═══ Dataset extract
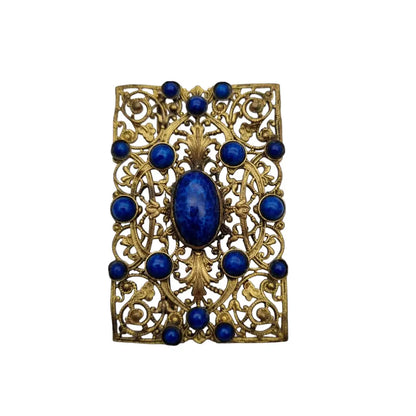 Broche rectangular modernista dorado y azul de los años 40 para mujer Bisutería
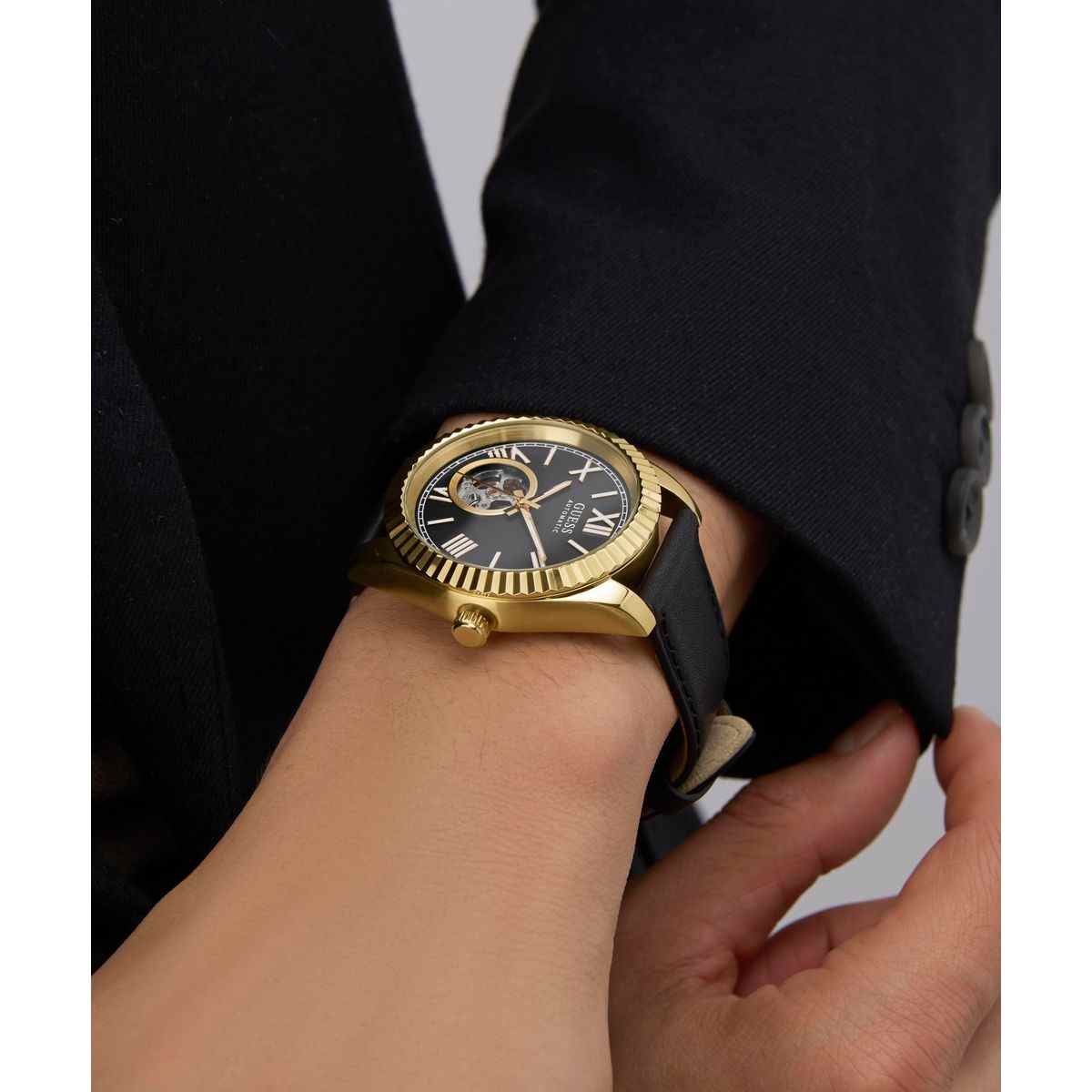 Guess Connoisseur Automatic Black Dial Leather Strap Men's Watch GW0985G2 - view 6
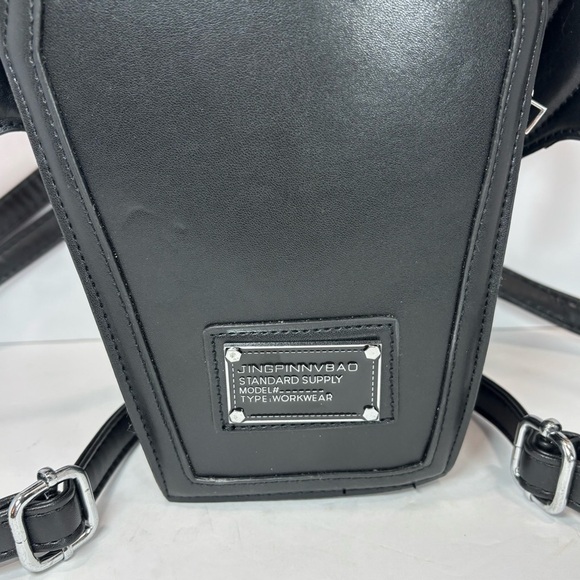 Emo Coffin X Vampire Bat Crossbody Backpack Black Gothic Halloween Bag NWOT - Picture 3 of 9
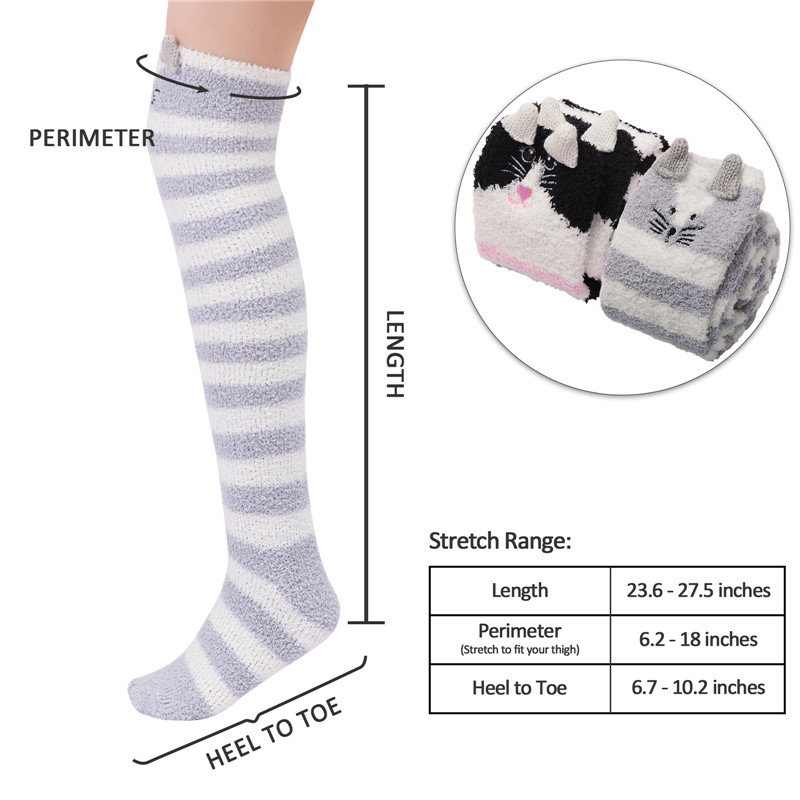 Cute Animal Coral Fleece Thigh High Long Striped Socks 2 Pairs-Grey Cat&Black Cat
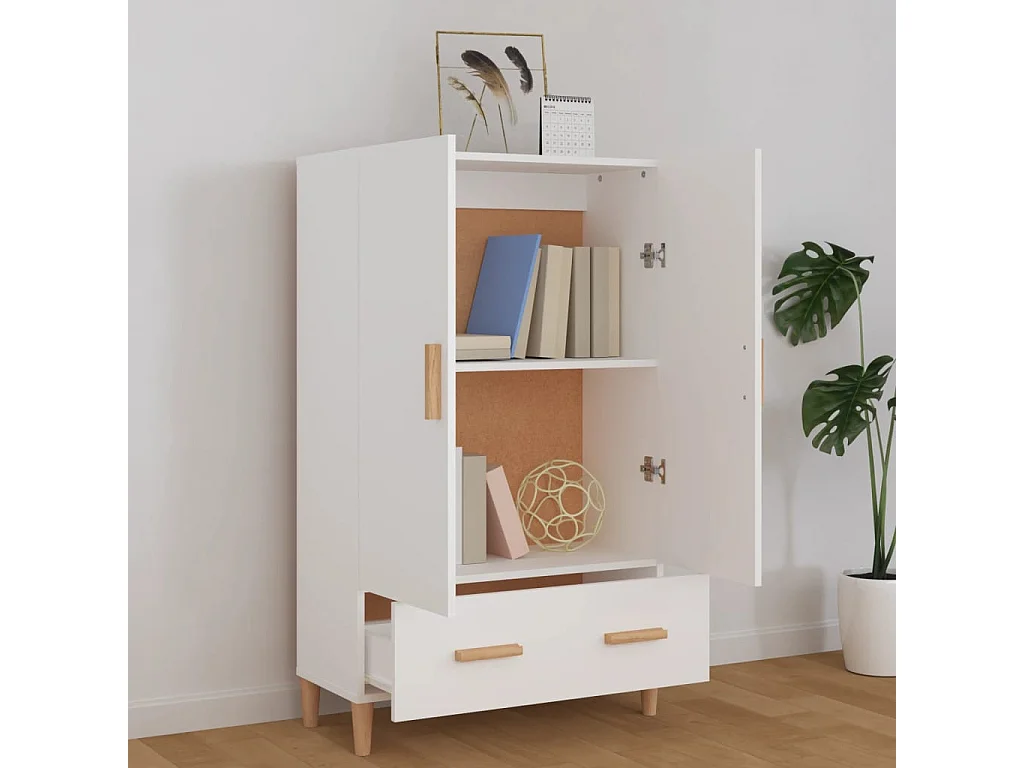 Aparador de madera contrachapada blanco 70x31x115 cm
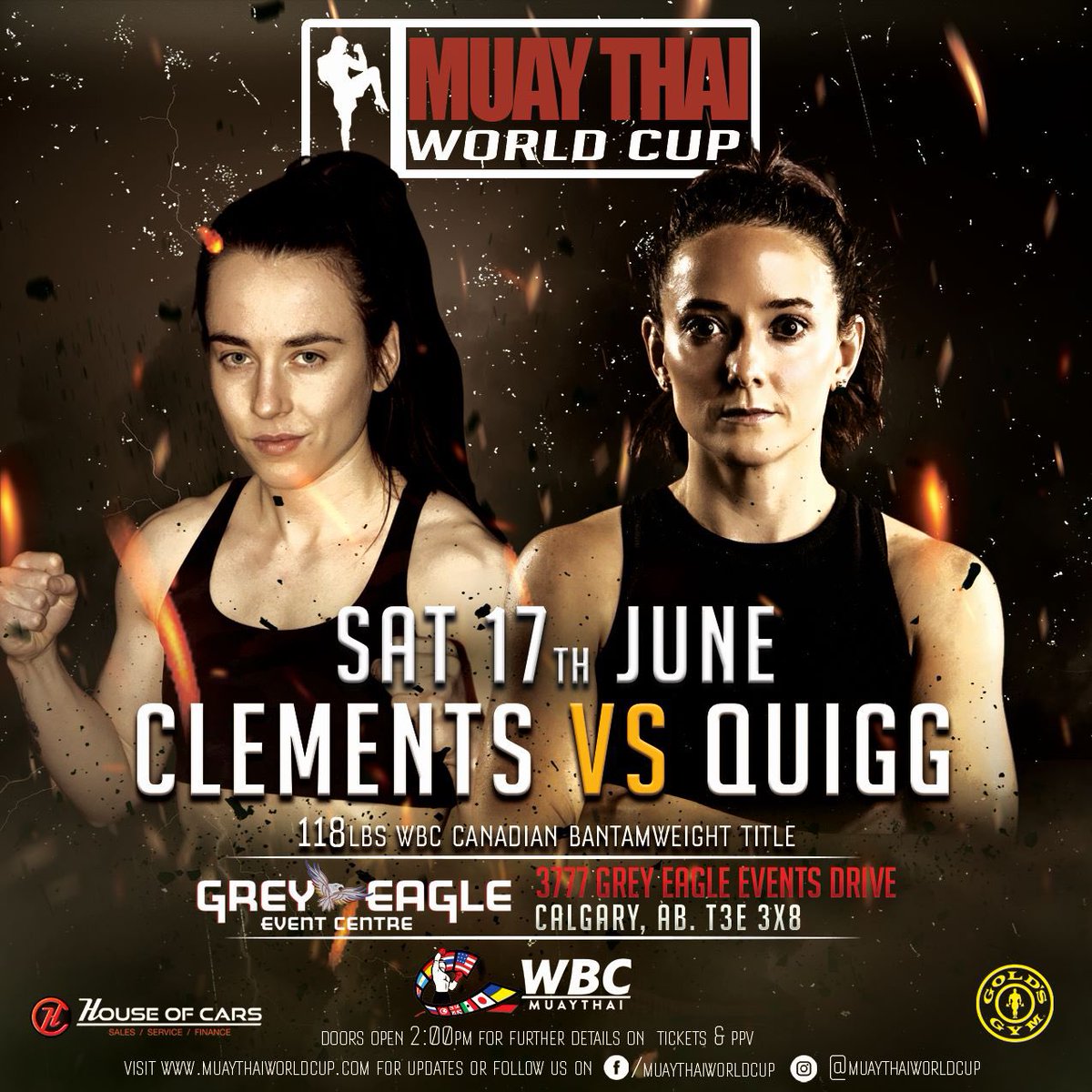 🤯🤯🤯🤯🤯🤯🤯
CLEMENTS vs QUIGG

These two ladies clash for the vacant WBC Canadian professional bantamweight title on the undercard of MTWC presents Road to ONE. 

It’s Lethbridge vs Calgary ! Who’s takes home the Green &amp; gold ? 

muaythaiworldcup.com
#calgary #lethbridge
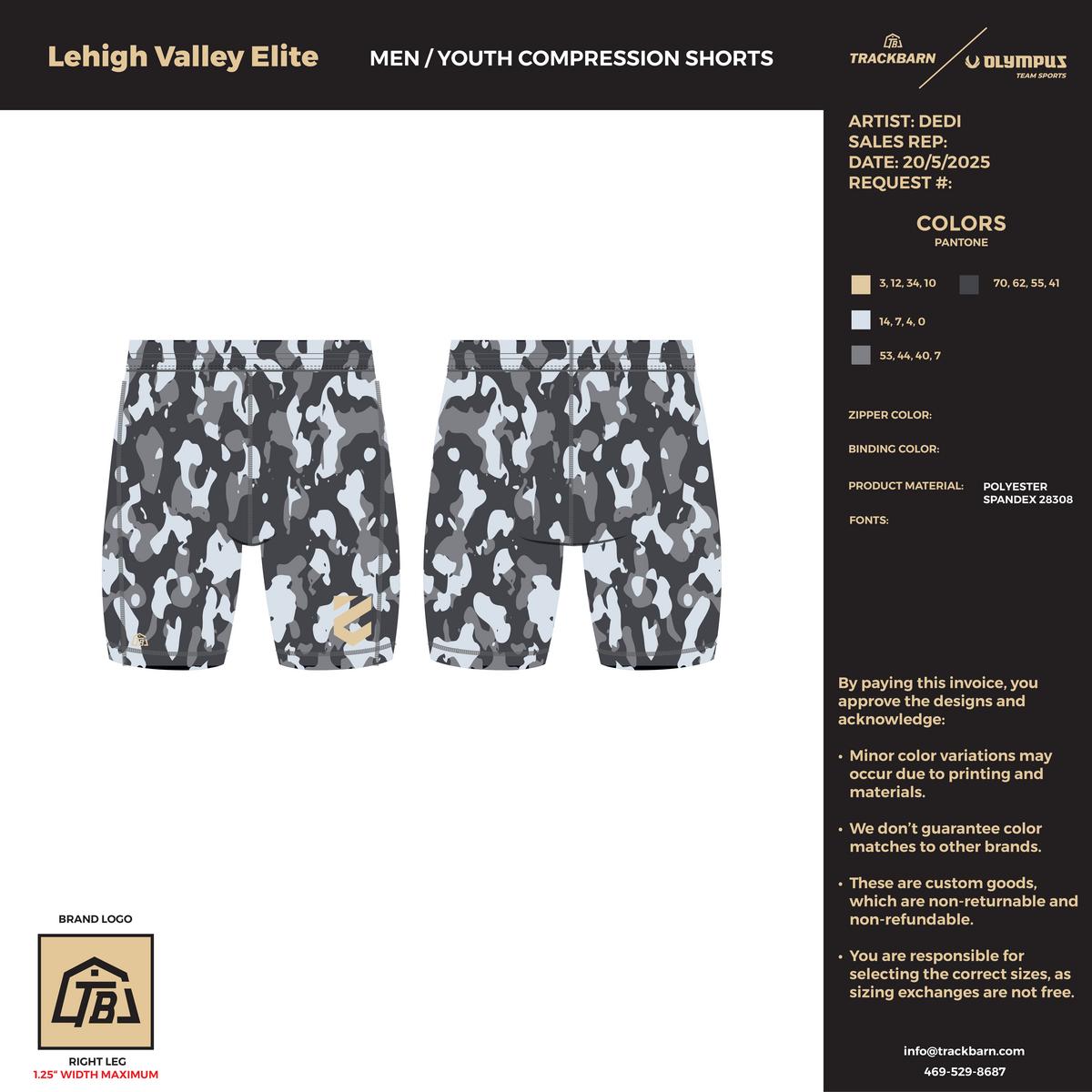 Lehigh Valley Elite - Boys Compression Shorts - Gray - TrackBarn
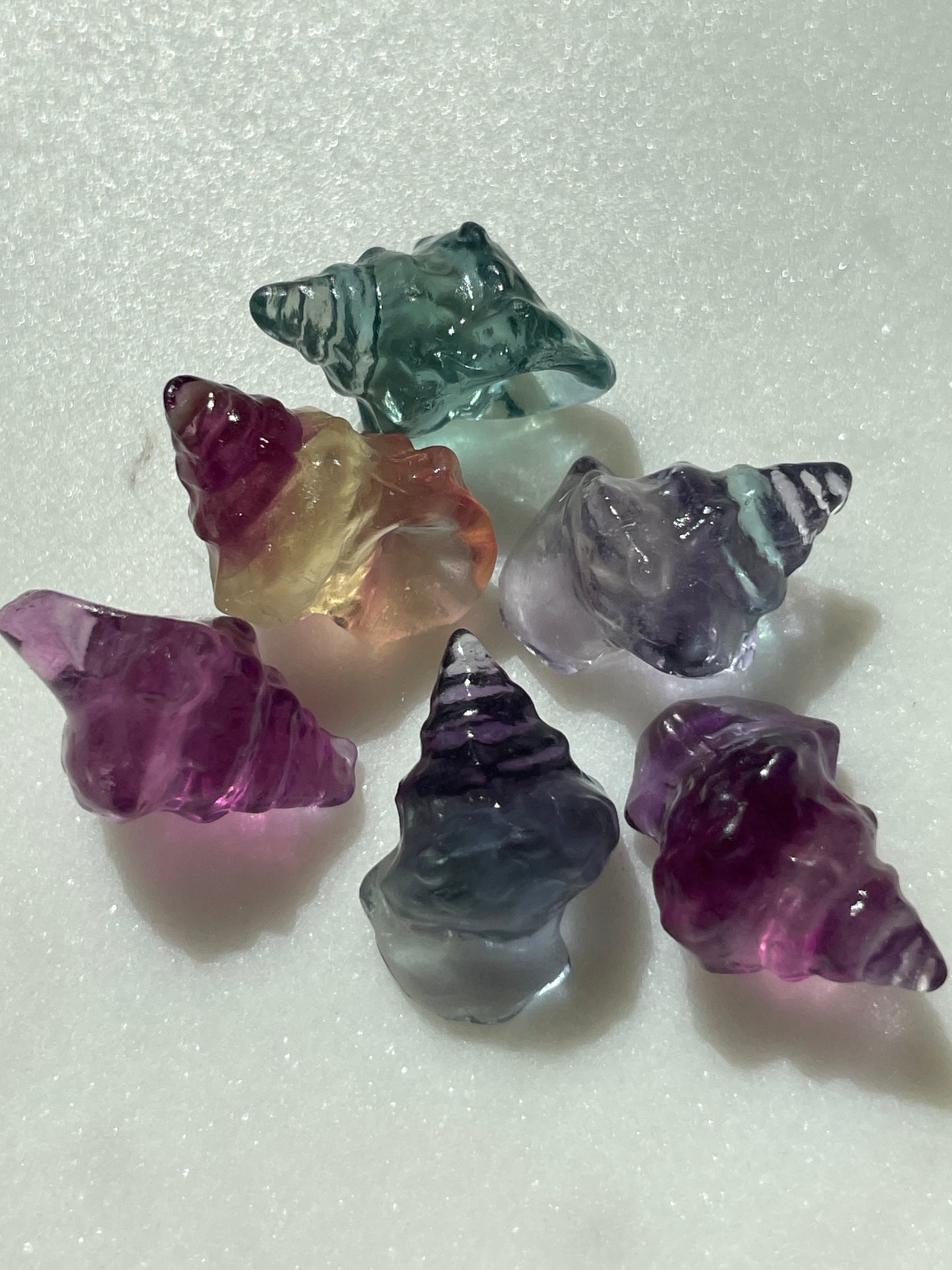 One (1) Mini Fluorite Crystal Carving | Seashell | Intuitively Chosen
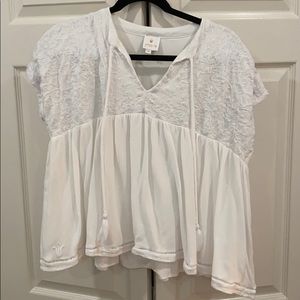 J. Marie white embroidered cap sleeve blouse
══════
_How to complete this task_: Everything in the records above must be repeated exactly, except the pictures.

_Final answer_:
 Broche rectangular modernista dorado y azul de los años 40 para mujer Bisutería
 Guess Connoisseur Automatic Black Dial Leather Strap Men's Watch GW0985G2 - view 6
 Emo Coffin X Vampire Bat Crossbody Backpack Black Gothic Halloween Bag NWOT - Picture 3 of 9
 Cute Animal Coral Fleece Thigh High Long Striped Socks 2 Pairs-Grey Cat&Black Cat
 Aparador de madera contrachapada blanco 70x31x115 cm
 🤯🤯🤯🤯🤯🤯🤯
CLEMENTS vs QUIGG

These two ladies clash for the vacant WBC Canadian professional bantamweight title on the undercard of MTWC presents Road to ONE. 

It’s Lethbridge vs Calgary ! Who’s takes home the Green &amp; gold ? 

muaythaiworldcup.com
#calgary #lethbridge
 Lehigh Valley Elite - Boys Compression Shorts - Gray - TrackBarn
 One (1) Mini Fluorite Crystal Carving | Seashell | Intuitively Chosen
 J. Marie white embroidered cap sleeve blouse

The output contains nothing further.